February 14, 2023 MONTPELIER, VT --On Friday, House Government Operations Miscellaneous elections bill proposal draft #23-0705 was introduced, proposing various undemocratic changes to our election laws. The Progressive House Caucus and Senator Vyhovsky oppose the following aspects of the proposal which propose to:

  • Eliminate Fusion Candidacies.

  • Eliminate the ability of a candidate to run as a candidate of a political party after losing a different political party’s primary.

  • Eliminate the ability of a candidate to run on a general election ballot after losing a primary election for a party nomination, even if the candidate wins the endorsement of another political party or wants to run as an independent candidate.

  • Eliminate the limits for any contribution made between a political party and candidate.

The proposal also requires candidates to disclose personal information such as gender, age, race or ethnicity, but allows them to be able to appear on the ballot if they do not provide such information. This is an important provision to make sure Vermonters can protect their personal identity for a variety of reasons - individuals still exploring their own gender affirmation process or personal safety concerns related to targeted hate based on one’s identity. We encourage the committee to go one step further by placing safeguards on personal information to protect all individual candidate’s safety and privacy. This policy question presents an opportunity for our state to learn more about demographic trends in who runs for and serves in elected office, and therefore, patterns of underrepresentation. However it also presents an opportunity to protect candidates’ privacy and safety. The Secretary of State can aggregate information from consent paperwork for the benefit of public record and information, while protecting individuals.

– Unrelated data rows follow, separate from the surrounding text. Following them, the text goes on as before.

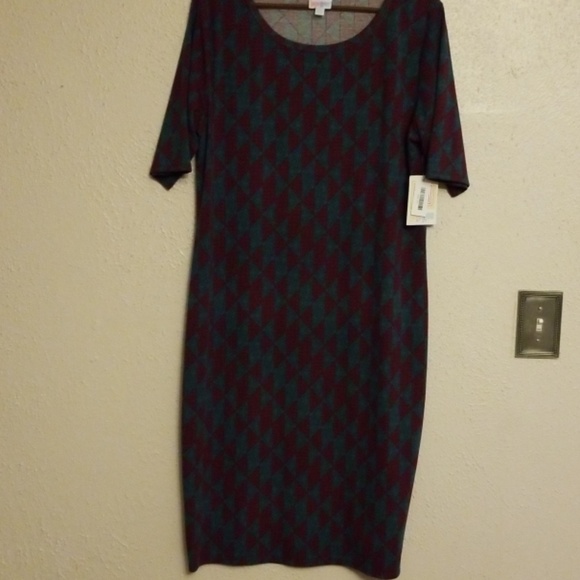 LuLaRoe Dresses & Skirts - Lularoe Julia dress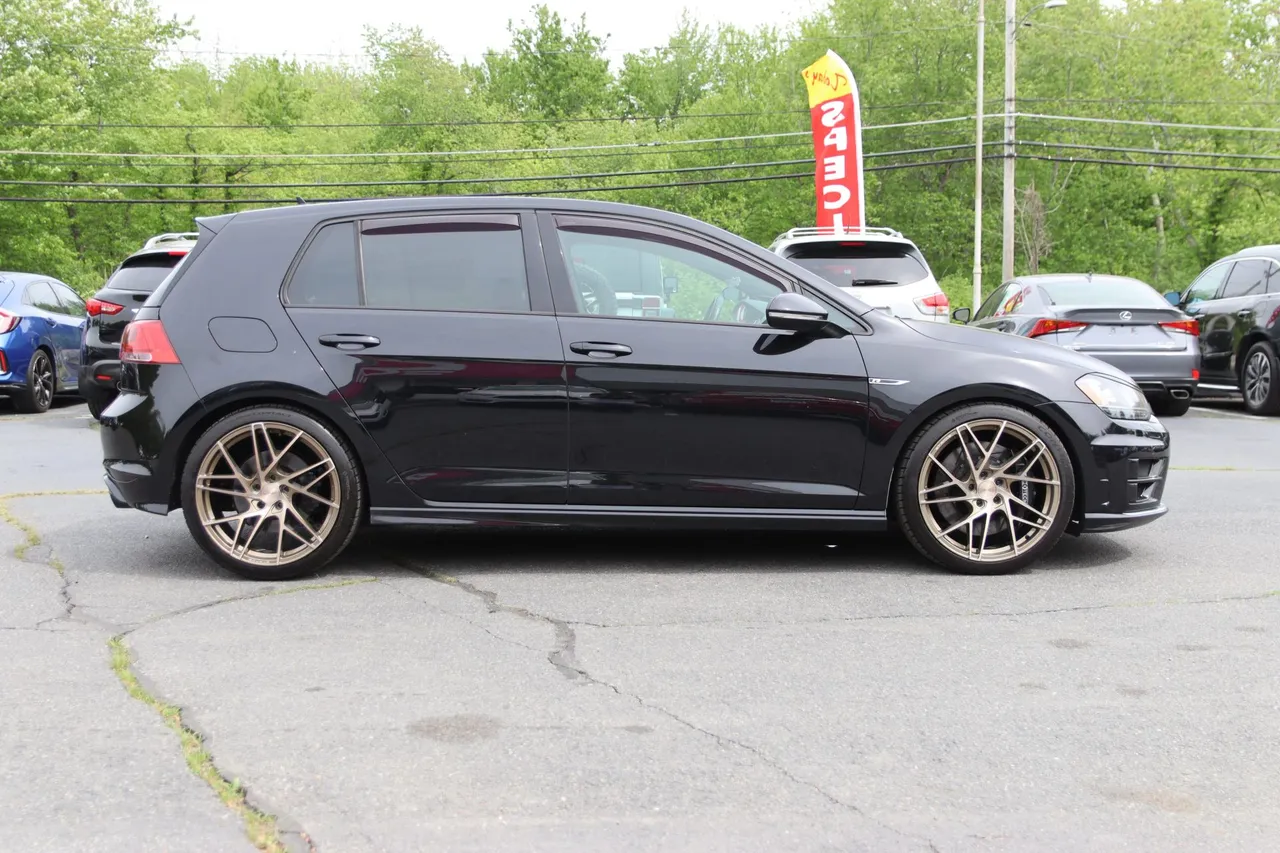 2017 Volkswagen Golf R — photo 6 of 31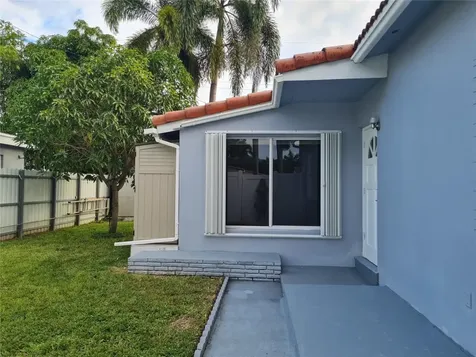 906 NE 3 Street Hallandale Beach FL 33009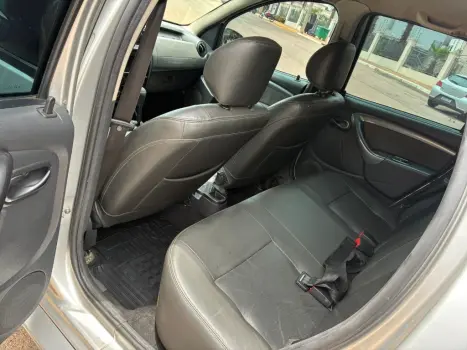 RENAULT Duster 2.0 16V 4P FLEX DYNAMIQUE AUTOM�TICO, Foto 9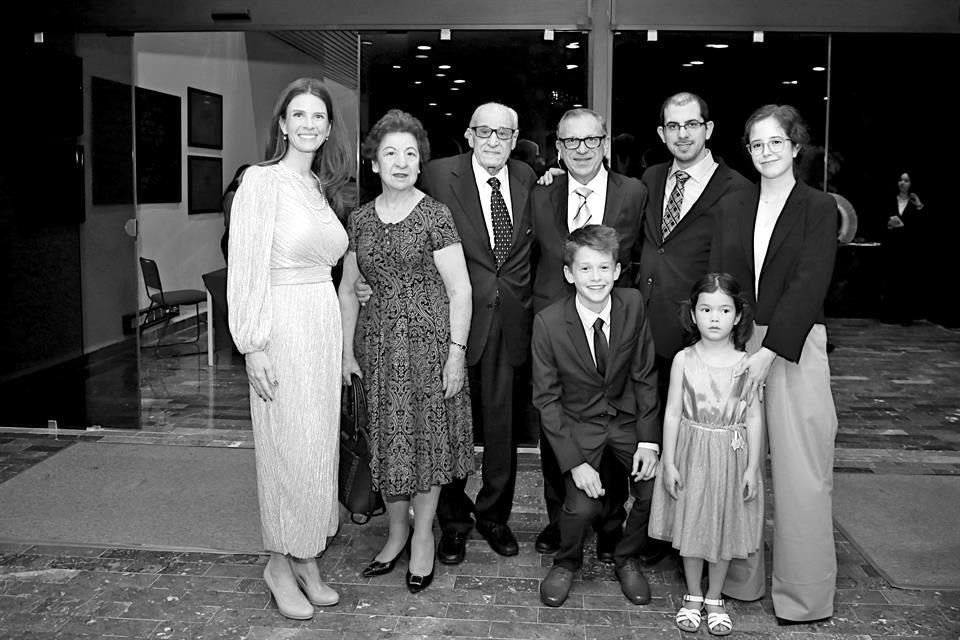 Lauren Guehl, Blanca Flores de Sabella, Salvatore Sabella, Vicente Sabella, Giovani Sabella, Lucía Oei, Herny Guehl y Gema Oei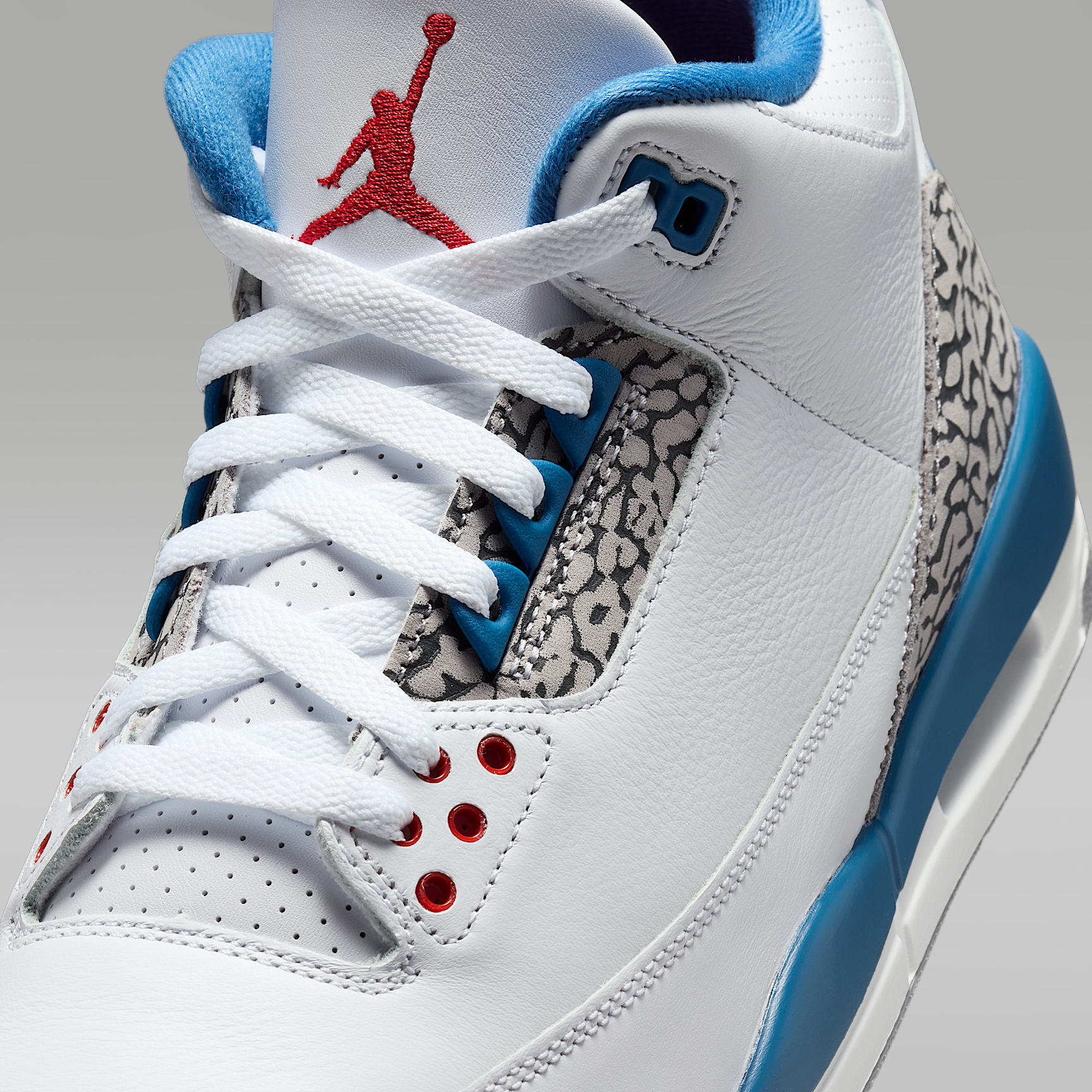 Air Jordan 3 Retro 'True Blue'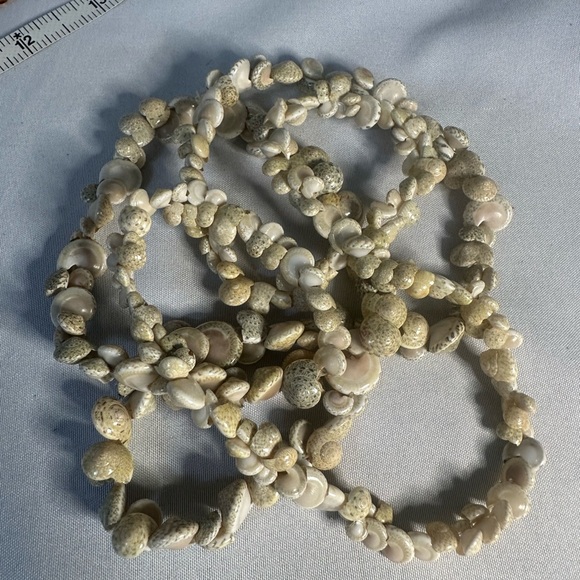 Beach vibe shell necklace group and bracelet with teeth - Picture 6 of 10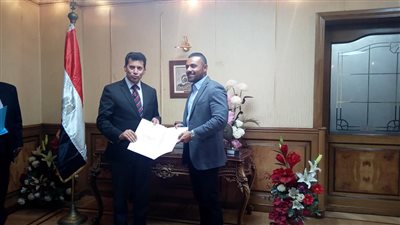 صور.. وزير الشباب والرياضة يكرم أبطال الرماية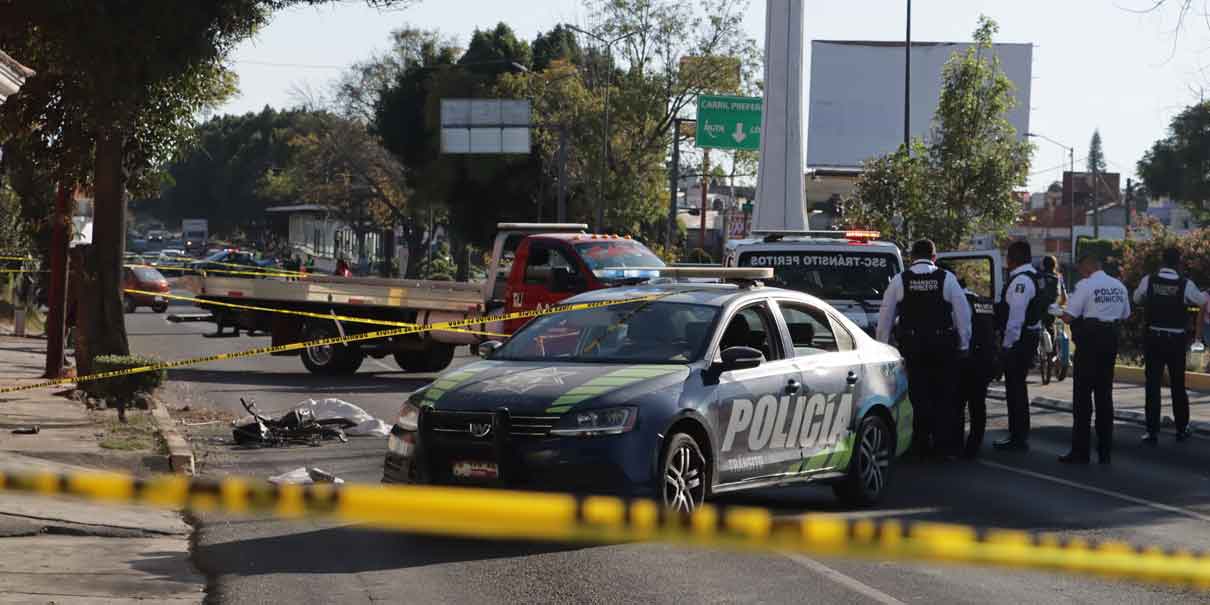 Está detenido el chofer del DIF estatal que arrolló a ciclista en la capital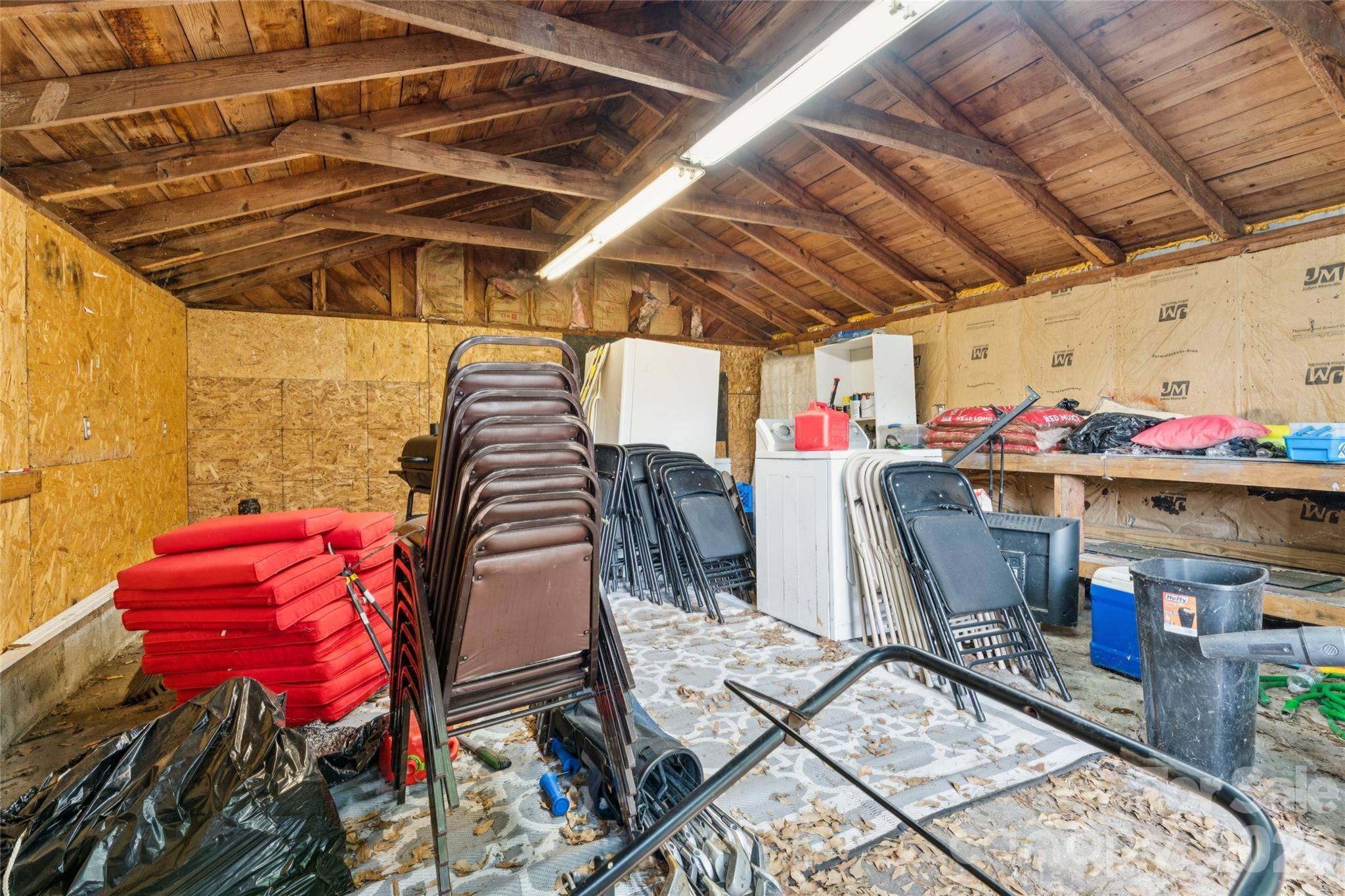 706 S Main Street Property Photo 11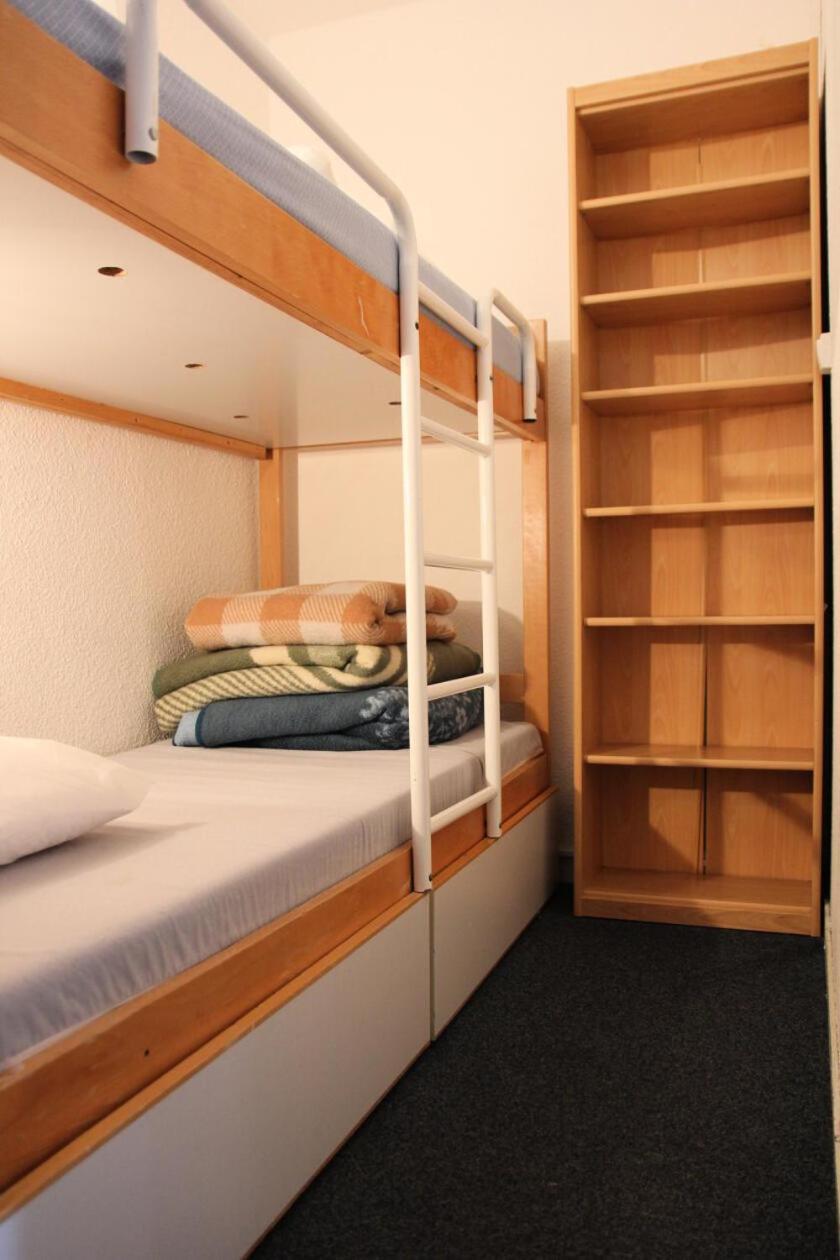 Schuss - Location: Pour 5 Personnes Dans Un Quartier Calme Mae-9036 *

Vermont has a long history of candidates running under the umbrella of multiple party labels, ensuring broad participation in politics and choices available to Vermonters. Eliminating fusion candidacies would force individuals running for office to choose one party, and give the upper hand to candidates with the support of larger political establishments with national resources. With 60 fusion candidates from several parties winning in Vermont’s 2022 General Election, this would force a significant number of elected officials to pick one party, thereby discouraging a candidate from seeking a broad array of political support from constituents. These proposals would hurt majority dual party and minority party candidates, as well as candidates who might opt to run as an Independent after losing the primary due to local primary unequal access to voters and party resources in a contested primary.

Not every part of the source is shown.